◆ WHAT IS EXPECTED ◆
Pictures do not belong in the copy. Write out exactly the lines from the one containing "Futachi radio kasetofon" through the end of the data.

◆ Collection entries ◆
--- START ---
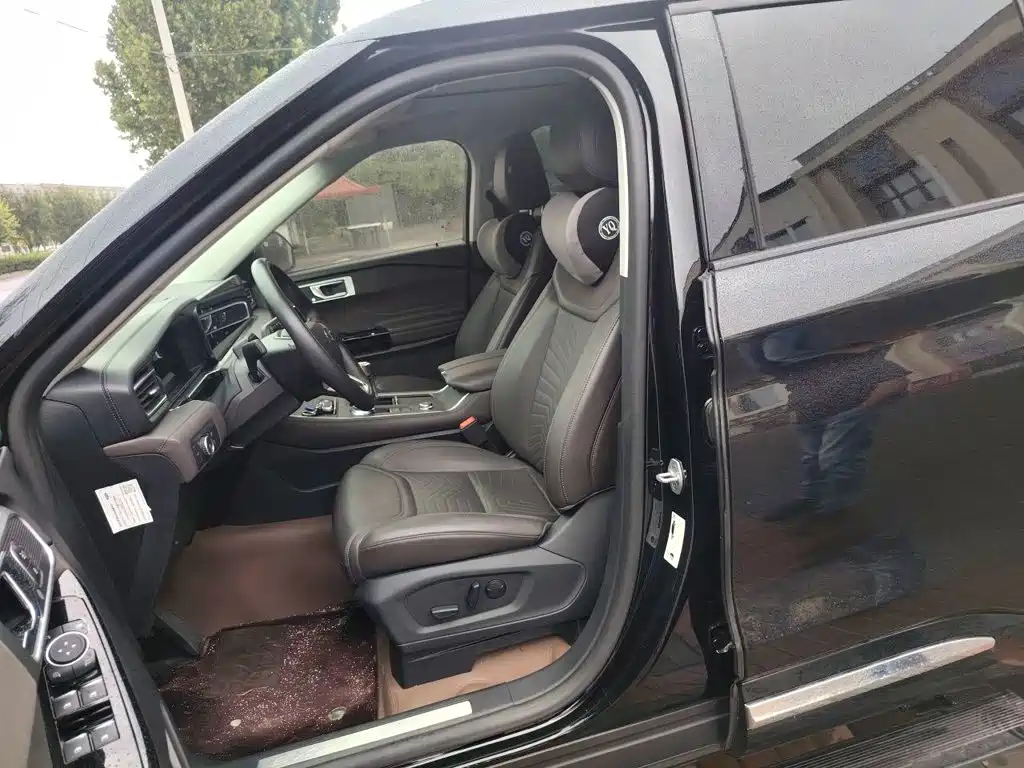 Ford Explorer — миниатюра 8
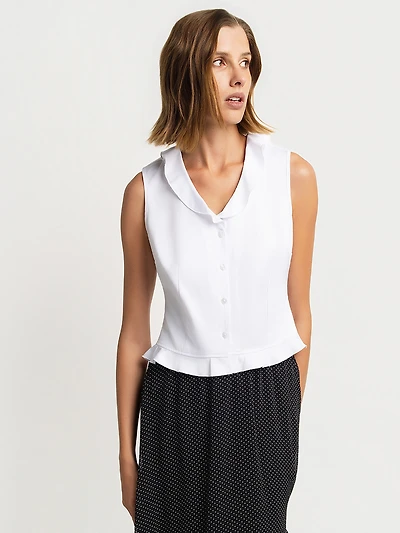 Sleeveless blouse with buttons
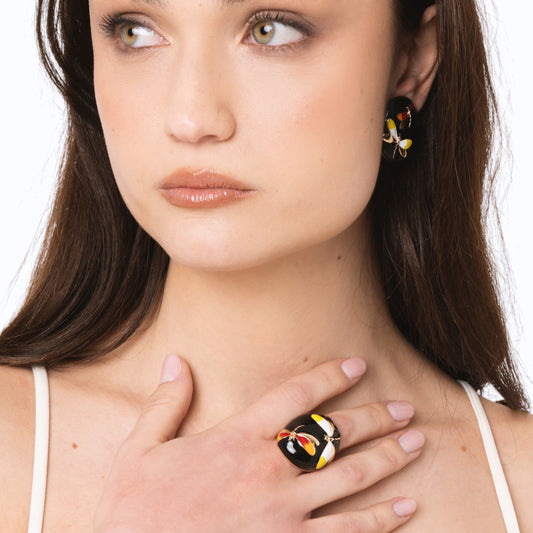 Anello in metallo elastico smaltato nero con design a libellula
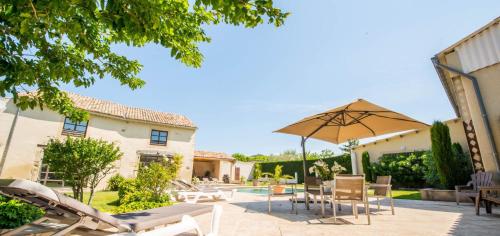 Фотография гостевого дома Le Mas du Batadou - Gite de charme en Provence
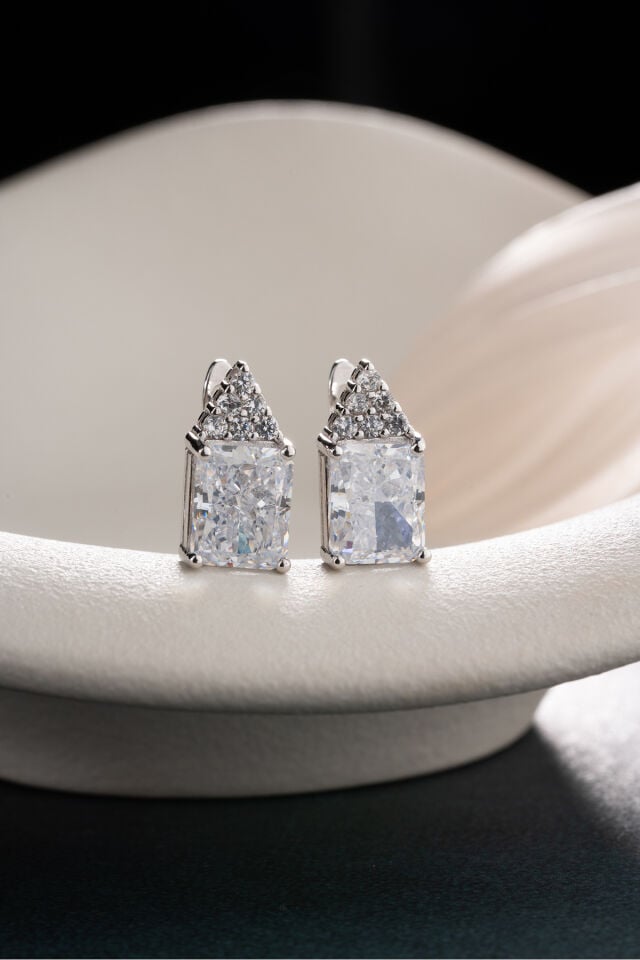 925 Ayar Gümüş Işıltılı Kristal Model Küpe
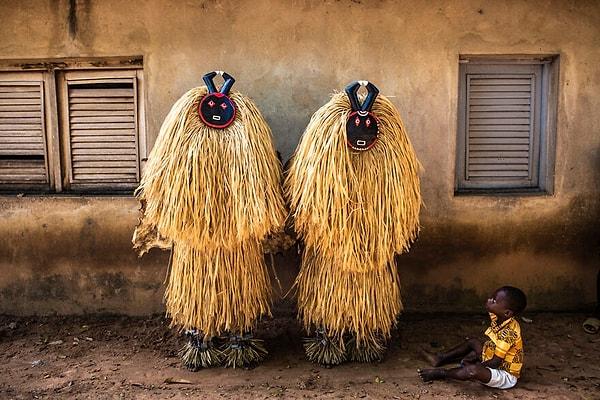 1. Yamoussoukro, Fildişi Sahili'nden yarışmanın kazananı Stefano Lotumolo'nun "Goli Dance" isimli eseri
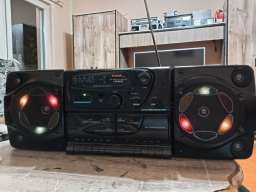 Futachi radio kasetofon dupli dek sa svetla na zvusnici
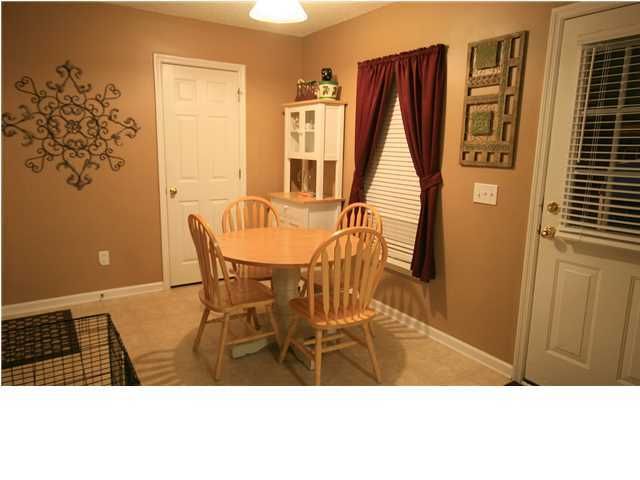 218 Myrtle Way, Summerville, SC 29483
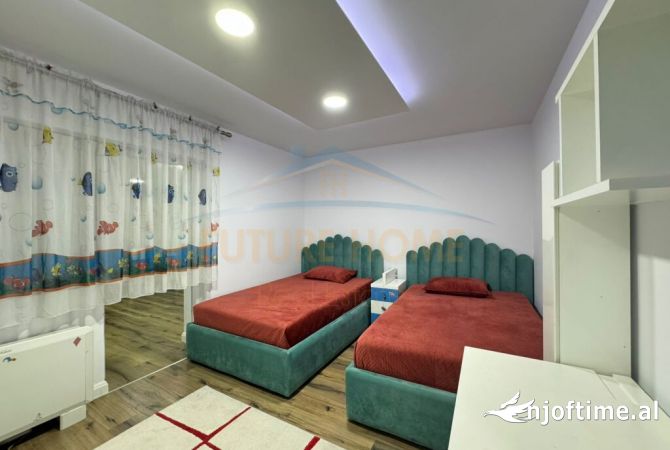 Shtepi me qera Apartament ne Tirane, 3+1, Mobilimi E mobiluar, Pagesa 1,200  Euro.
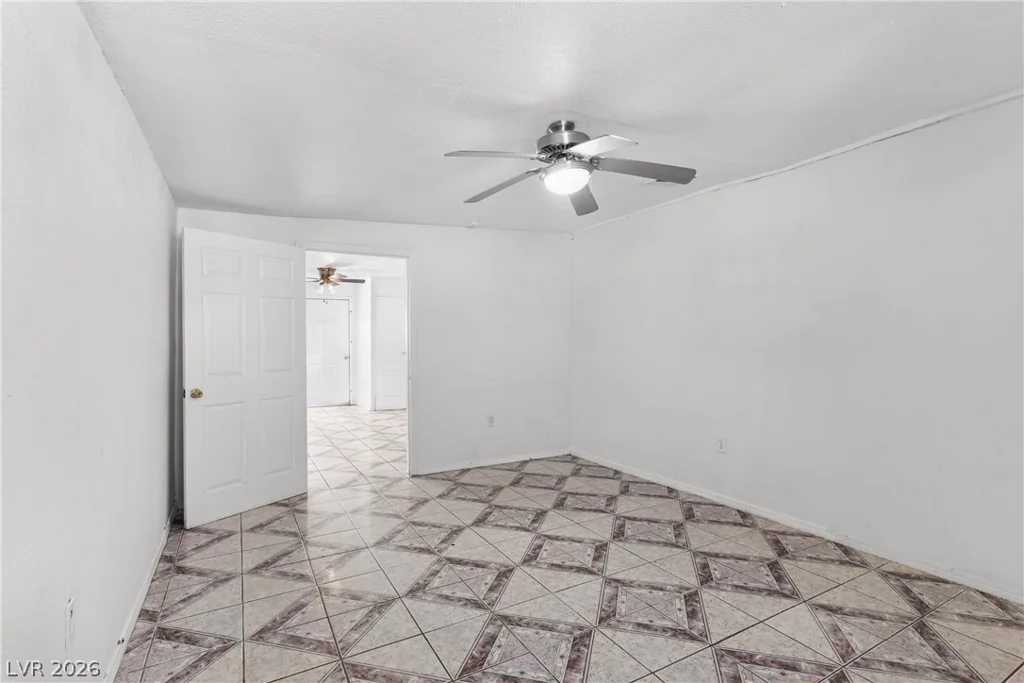 2217 Oakey, Las Vegas, NV 89104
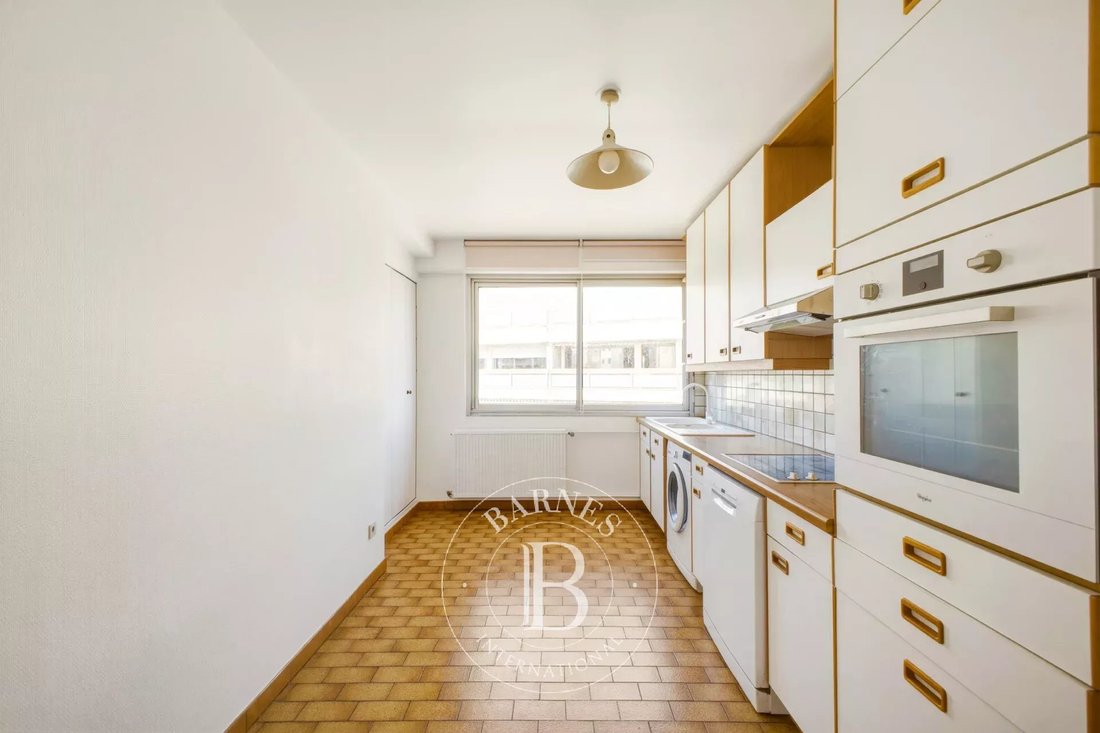 Apartment in Saint Giniez, 8e Arrondissement, Marseille 3 - 18017200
--- END ---
◆ ANSWER AREA ◆
 Futachi radio kasetofon dupli dek sa svetla na zvusnici
 218 Myrtle Way, Summerville, SC 29483
 Shtepi me qera Apartament ne Tirane, 3+1, Mobilimi E mobiluar, Pagesa 1,200  Euro.
 2217 Oakey, Las Vegas, NV 89104
 Apartment in Saint Giniez, 8e Arrondissement, Marseille 3 - 18017200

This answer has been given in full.